Tuesday, August 9, 2011

Don't Say He Can't Do It

 Sometimes it's a leap of faith to send your child to public schools--especially if you have a child with special needs. Will a large public school be able to meet every individual child's needs? Read more about one family's search for the right school for their child here; read about their decision for next year below.

Don't say he can't do it! This was my reaction to one of William’s siblings when they expressed the idea that William would never be able to slalom water ski, and therefore shouldn’t try. I know why they said it, they were worried he’d fail. How he’d feel. How we’d feel. Sometimes it’s easier not to try.  But the advocate in me spoke up. I’d like to say I knew that William would be able to do it, but I didn’t.  It just felt unfair to not let him try something any typical child could attempt. What’s the harm in trying? If he’s not meant to slalom ski, he can keep skiing with two skis. Or just go tubing.  

Of course, he showed us. He did it. He tried every time we were at the lake this summer. He didn’t get discouraged. He didn’t doubt himself. And he did it.  He did it his way, by “dropping a ski” instead of being pulled up on one. Once he got it, he did three laps around the lake, until we cut the engine so he could stop and rest. Then three laps again later that afternoon. And again that evening.

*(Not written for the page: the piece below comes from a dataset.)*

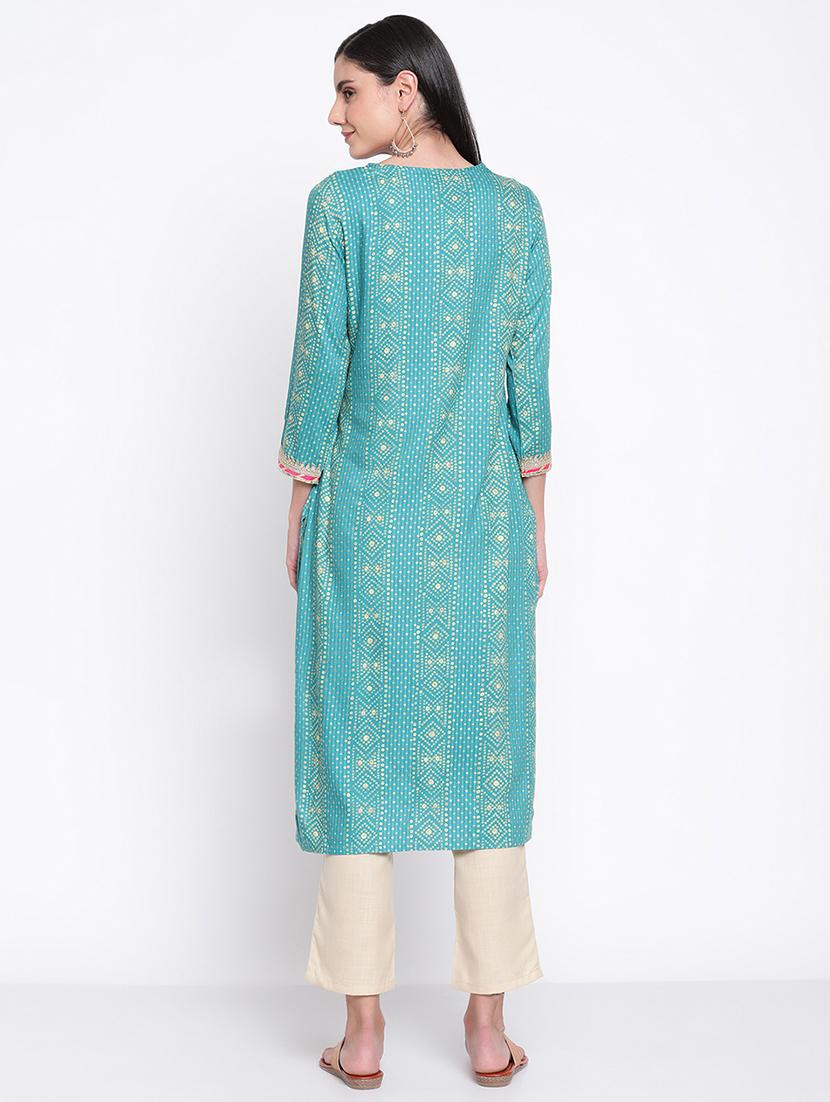 turquoise colored straight kurta - 20188876 - Zoom Image - 2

And the grin on his face could have cleared a cloudy sky.

This story illustrates why we have decided William will attend public middle school in Edina this fall, instead of the small private school for kids with disabilities we were considering. Simply put, that’s what he wants.  Desperately wants. So much so that he said “Please, Mom, I’m begging you, let me try South View!”

What would I possibly say to that? “You can’t try it?” “You’re too disabled?” “You won’t be able to do it?” No, I can’t say that.  

We’ll try it. If it doesn’t work, we’ll go back to two skis.

And we’ll remember to wear a life jacket.